In Paraguay, an intense political controversy arose out of the agency that regulates the health of plants, and determines which plants are free of pests and which need to be quarantined. The fallout contributed to the fall of a government—despite the fact that government opponents had no real quarrel with the way the agency carried out its technical work.
Hetherington’s recent book, Guerrilla Auditors, is an ethnography of peasant land struggles in Paraguay, and of how rural thinking about property and information come into conflict with bureaucratic reform projects promoted by international experts. He holds a PhD from the University of California at Davis and focuses his research on how environmental and economic knowledge becomes politicized during periods of rapid social change, creating divergent forms of expertise. Hetherington is currently looking into the work of Paraguayan bureaucrats and technicians, and on how the soybean boom in Paraguay is transforming both the terrain of rural struggle and the shape of the state.
For more information on the 4:10 p.m. Jan. 29 talk by political anthropologist Kregg Hetherington, contact Heath Cabot at 288-5015, or email@example.com, or visit www.coa.edu.

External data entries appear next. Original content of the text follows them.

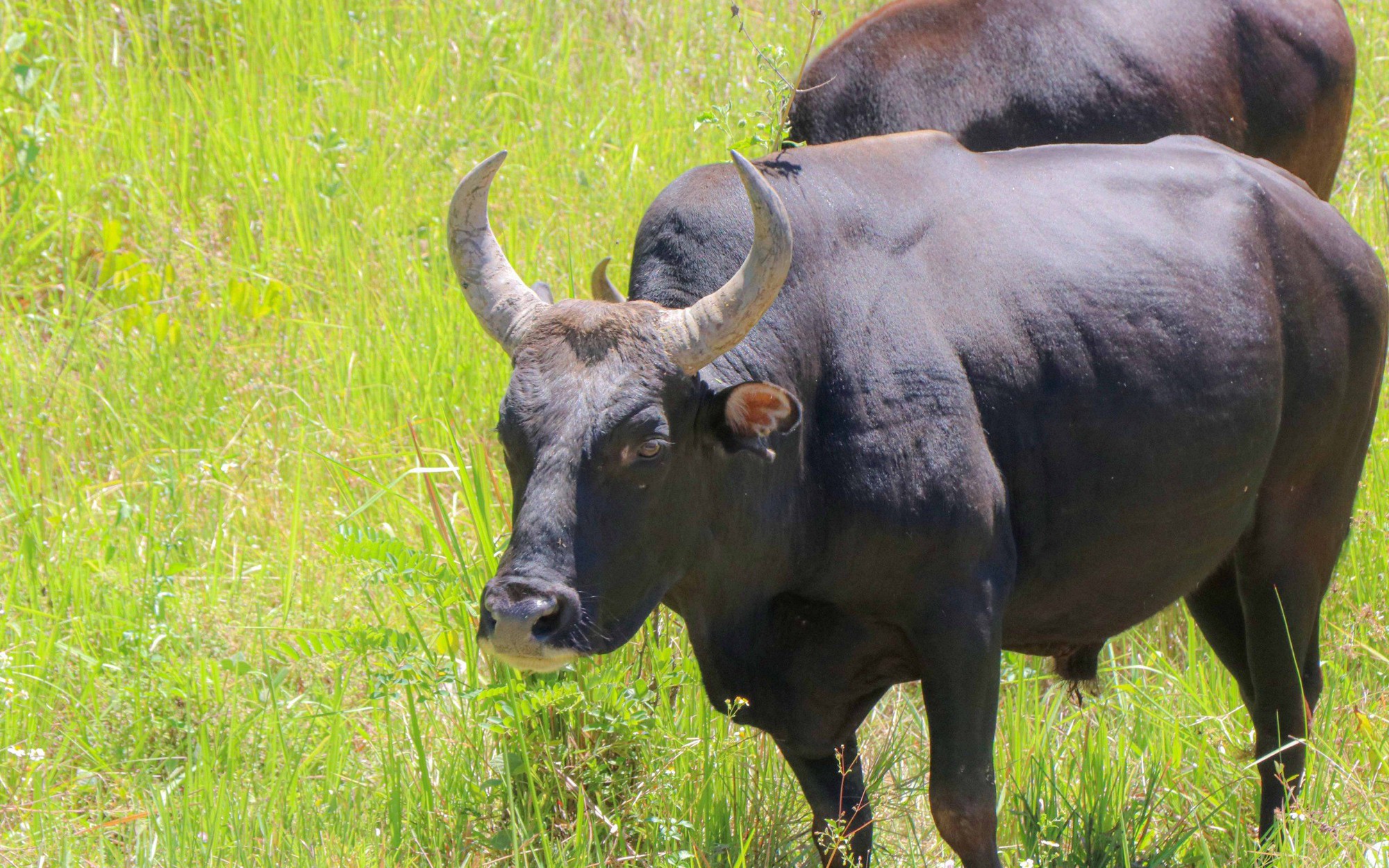 Phát hiện nhiều cá thể động vật quý hiếm xuất hiện tại vườn quốc gia ở Khánh Hòa- Ảnh 4.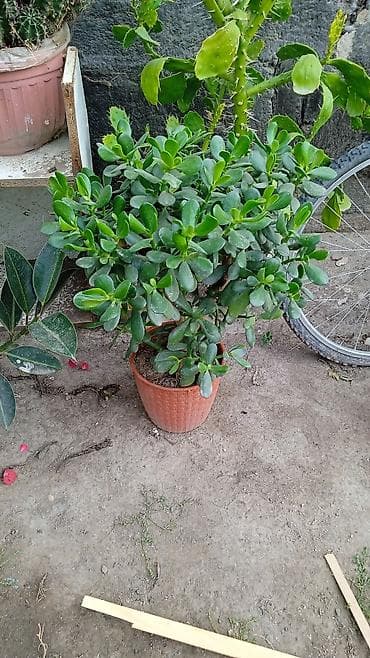 Сейфы: Денежное дерево — 2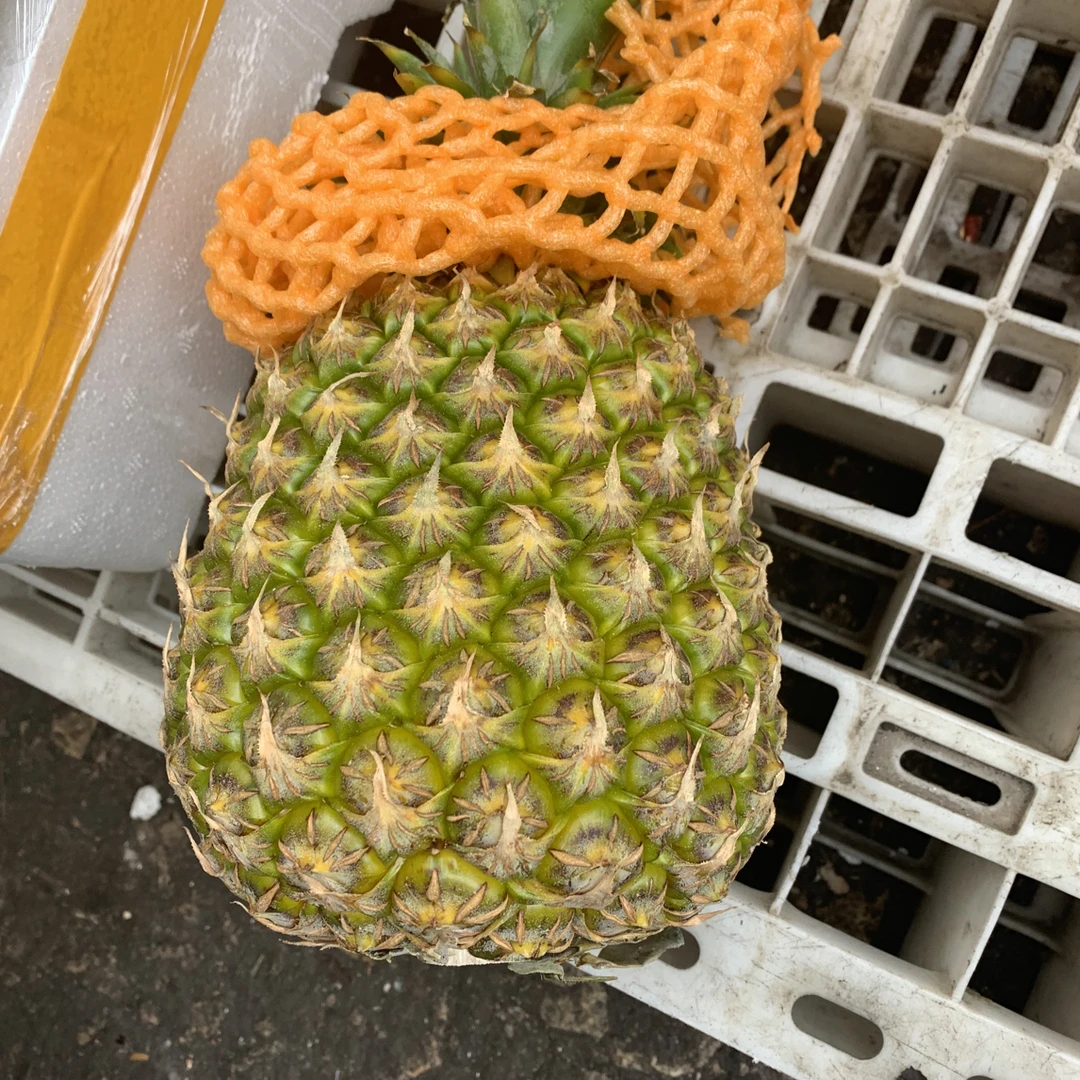 新鲜本地漳浦凤梨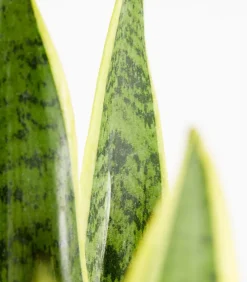 Dehner Sukkulenten|Bogenhanf > Bogenhanf - Sansevieria trifasciata var. laurentii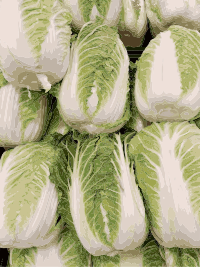 Napa Cabbage
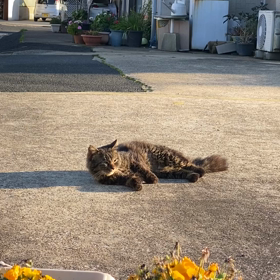 今日の散歩三┏( ^o^)┛の画像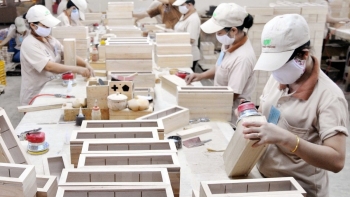 Xuất khẩu gỗ và các sản phẩm từ gỗ dự kiến đạt 14,5 tỷ USD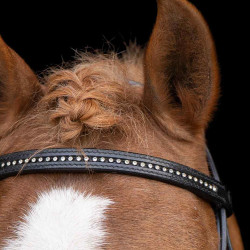 Bridon shetland Imperial Riding Stormy Zwart / kristal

College of the Atlantic was founded in 1969 on the premise that education should go beyond understanding the world as it is, to enabling students to actively shape its future. A leader in experiential education and environmental stewardship, COA has pioneered a distinctive interdisciplinary approach to learning—human ecology—that develops the kinds of creative thinkers and doers needed by all sectors of society in addressing the compelling and growing needs of our world. For more, visit www.coa.edu.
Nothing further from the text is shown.